RECORDS TO PROCESS ::
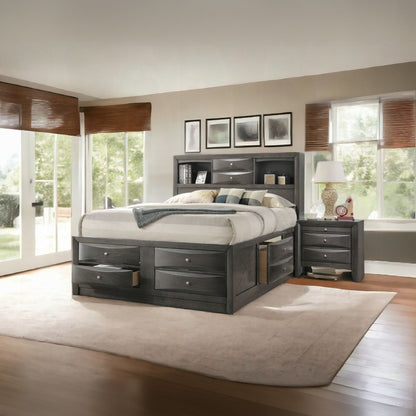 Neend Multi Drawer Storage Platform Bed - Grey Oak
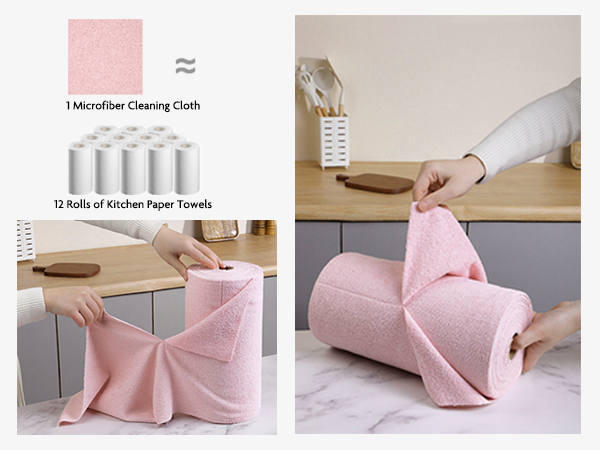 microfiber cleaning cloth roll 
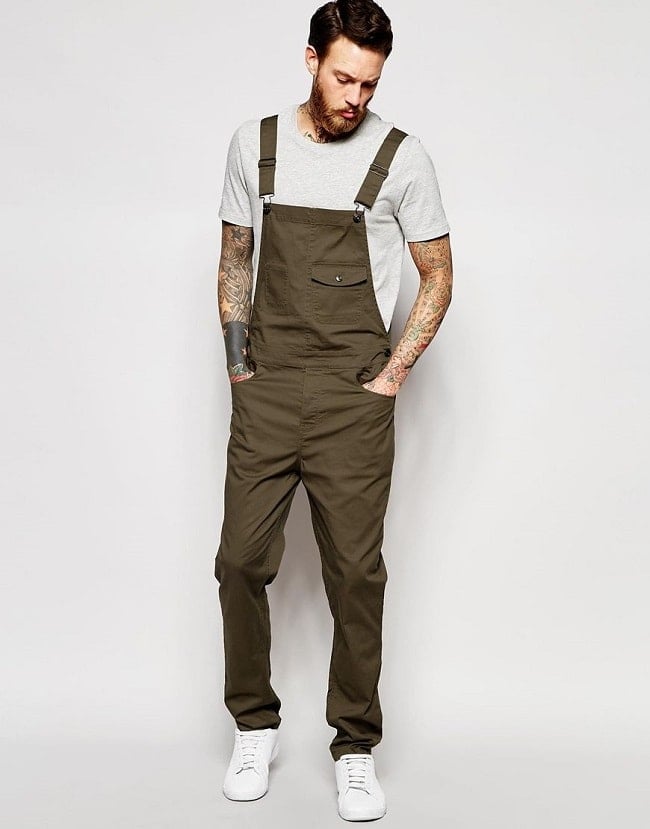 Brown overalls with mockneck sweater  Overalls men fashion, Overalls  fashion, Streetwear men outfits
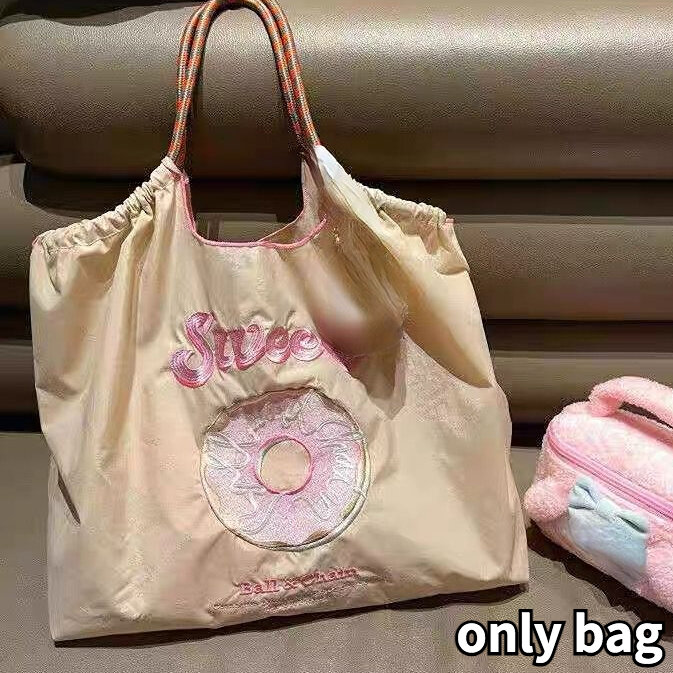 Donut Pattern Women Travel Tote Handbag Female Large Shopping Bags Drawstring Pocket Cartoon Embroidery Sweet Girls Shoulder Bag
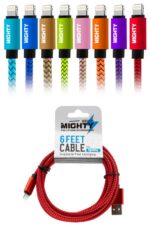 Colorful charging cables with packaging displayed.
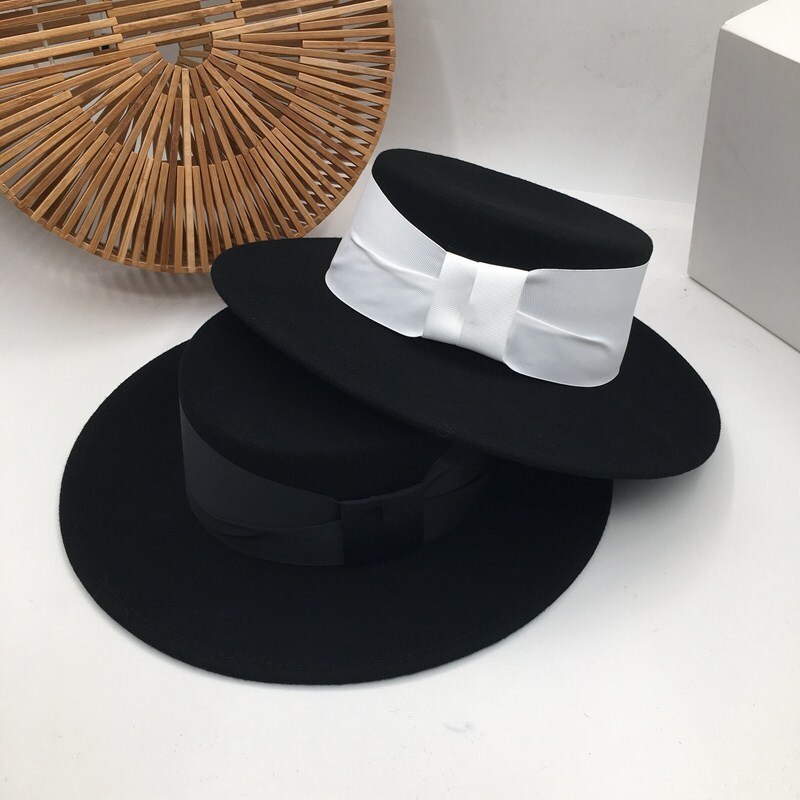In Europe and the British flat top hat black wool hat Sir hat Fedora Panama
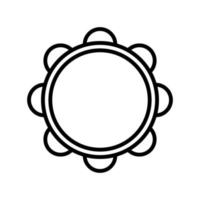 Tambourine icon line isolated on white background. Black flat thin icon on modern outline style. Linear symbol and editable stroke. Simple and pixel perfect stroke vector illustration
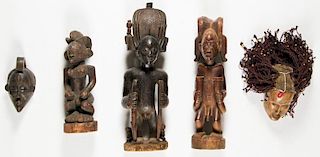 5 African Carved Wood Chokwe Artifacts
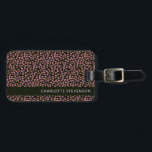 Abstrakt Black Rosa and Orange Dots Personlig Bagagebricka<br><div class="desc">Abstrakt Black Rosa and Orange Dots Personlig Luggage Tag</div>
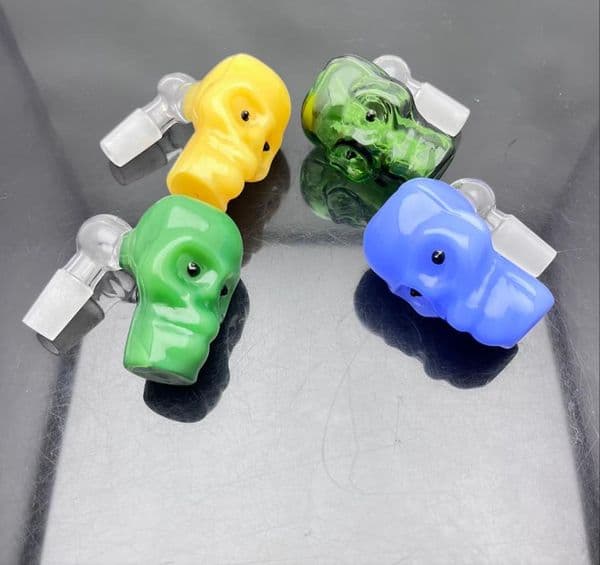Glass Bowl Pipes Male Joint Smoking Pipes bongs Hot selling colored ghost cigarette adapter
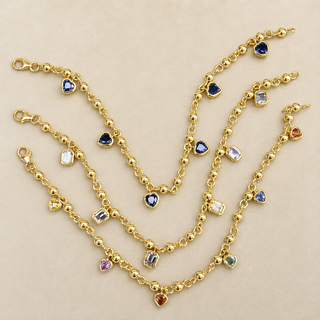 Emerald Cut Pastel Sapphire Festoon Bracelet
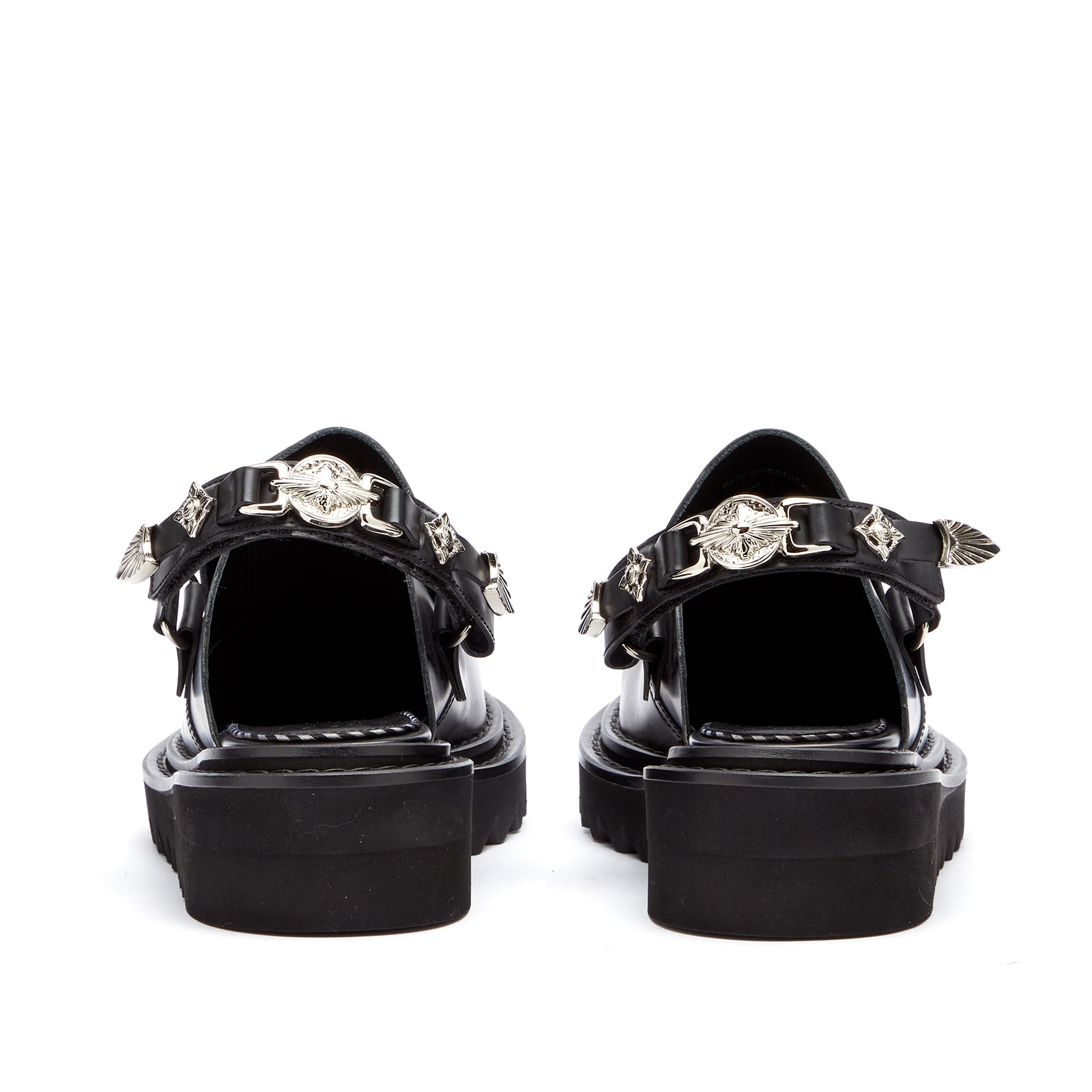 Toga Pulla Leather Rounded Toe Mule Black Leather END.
--
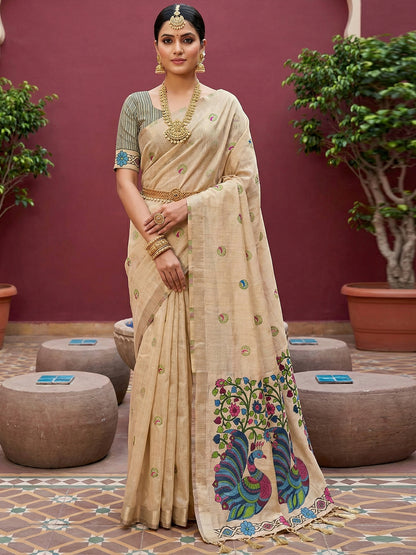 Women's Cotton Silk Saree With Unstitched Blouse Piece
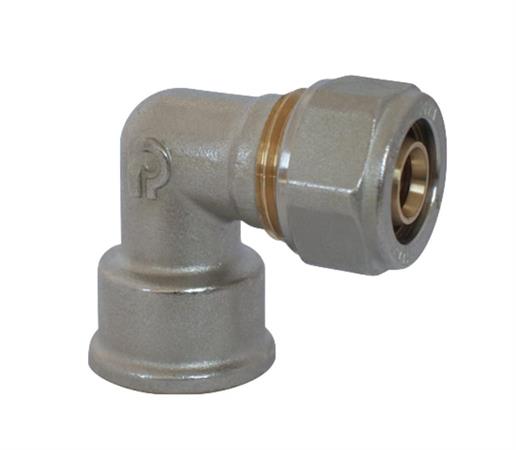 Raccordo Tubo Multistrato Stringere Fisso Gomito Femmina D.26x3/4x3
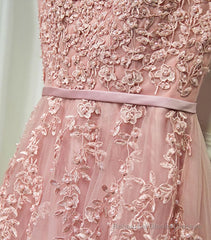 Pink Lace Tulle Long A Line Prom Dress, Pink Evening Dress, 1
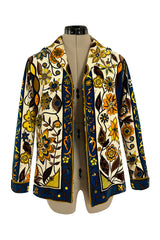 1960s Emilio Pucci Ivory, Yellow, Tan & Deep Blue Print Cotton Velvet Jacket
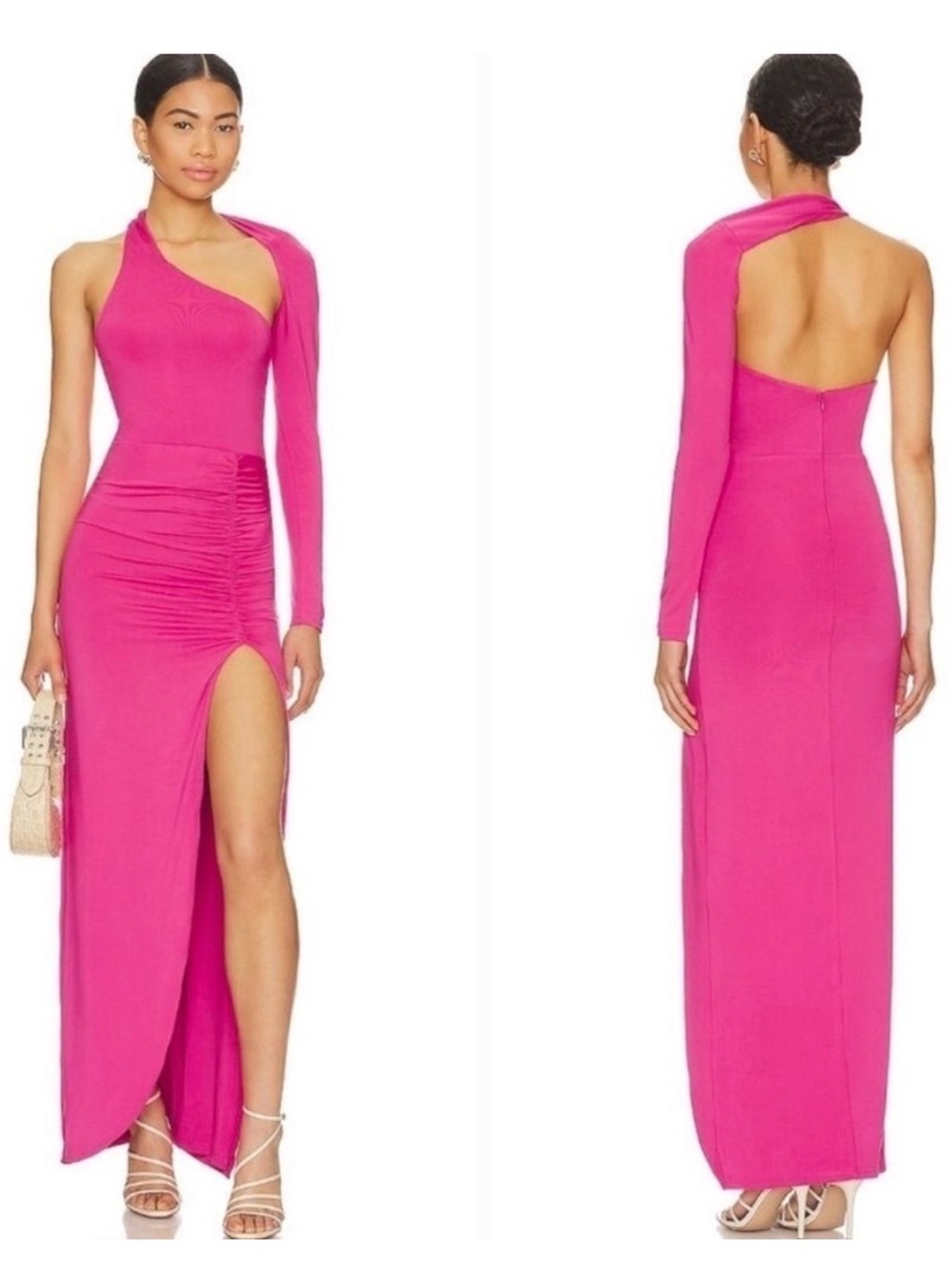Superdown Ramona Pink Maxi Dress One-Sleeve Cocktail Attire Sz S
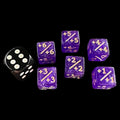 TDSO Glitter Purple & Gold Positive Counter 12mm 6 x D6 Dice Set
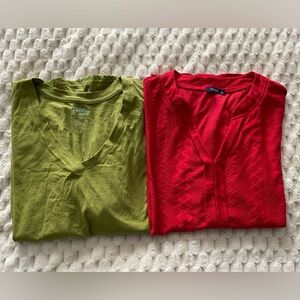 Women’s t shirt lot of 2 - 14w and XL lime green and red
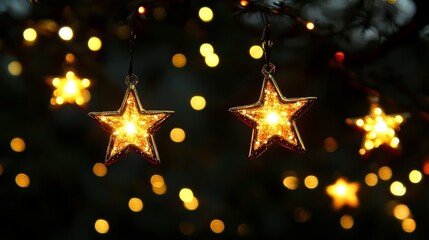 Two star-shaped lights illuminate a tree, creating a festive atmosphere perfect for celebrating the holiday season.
* * *
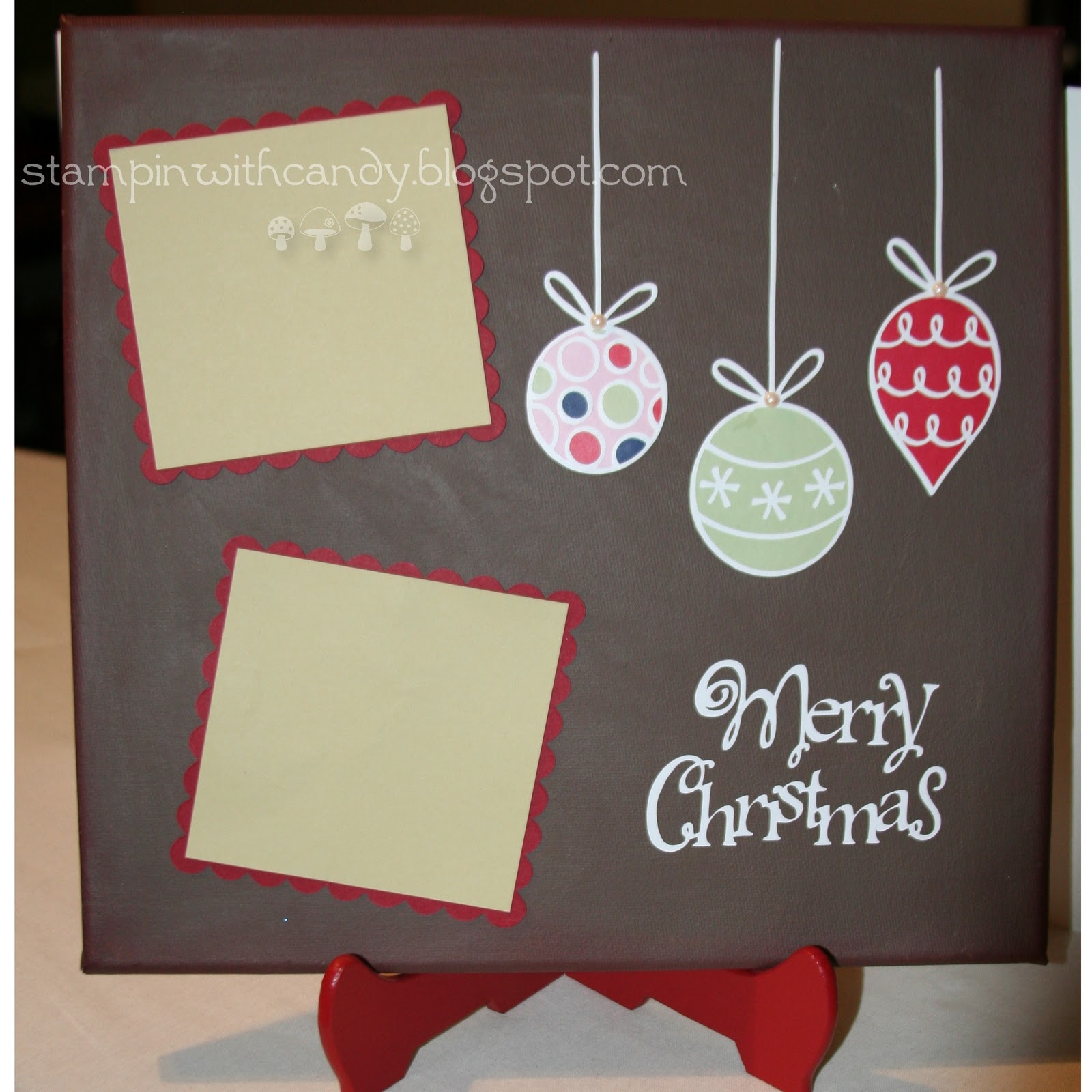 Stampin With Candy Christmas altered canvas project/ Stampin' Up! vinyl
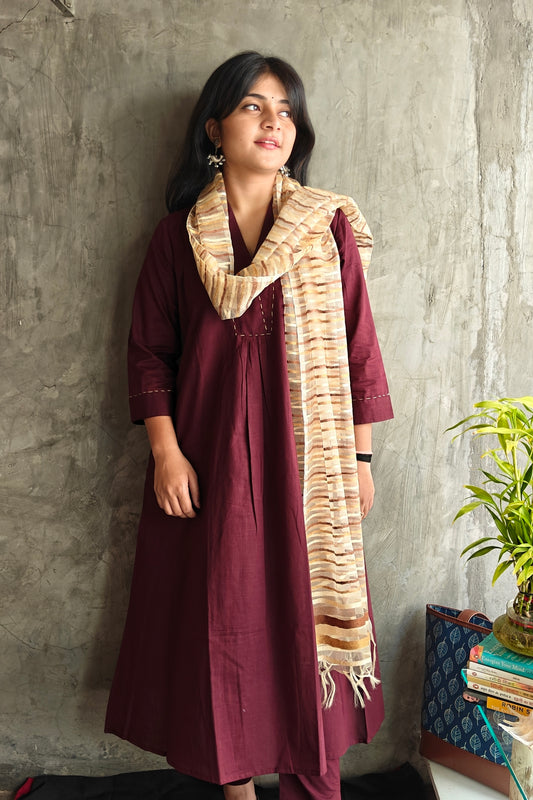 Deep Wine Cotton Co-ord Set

PROBLEM ::
Within these entries, output exactly the lines starting at the one with "Stampin With Candy" and finishing at the one with "Deep Wine Cotton Co-ord Set". Leave pictures out of the output.

EXPECTED ANSWER ::
 Stampin With Candy Christmas altered canvas project/ Stampin' Up! vinyl
 Deep Wine Cotton Co-ord Set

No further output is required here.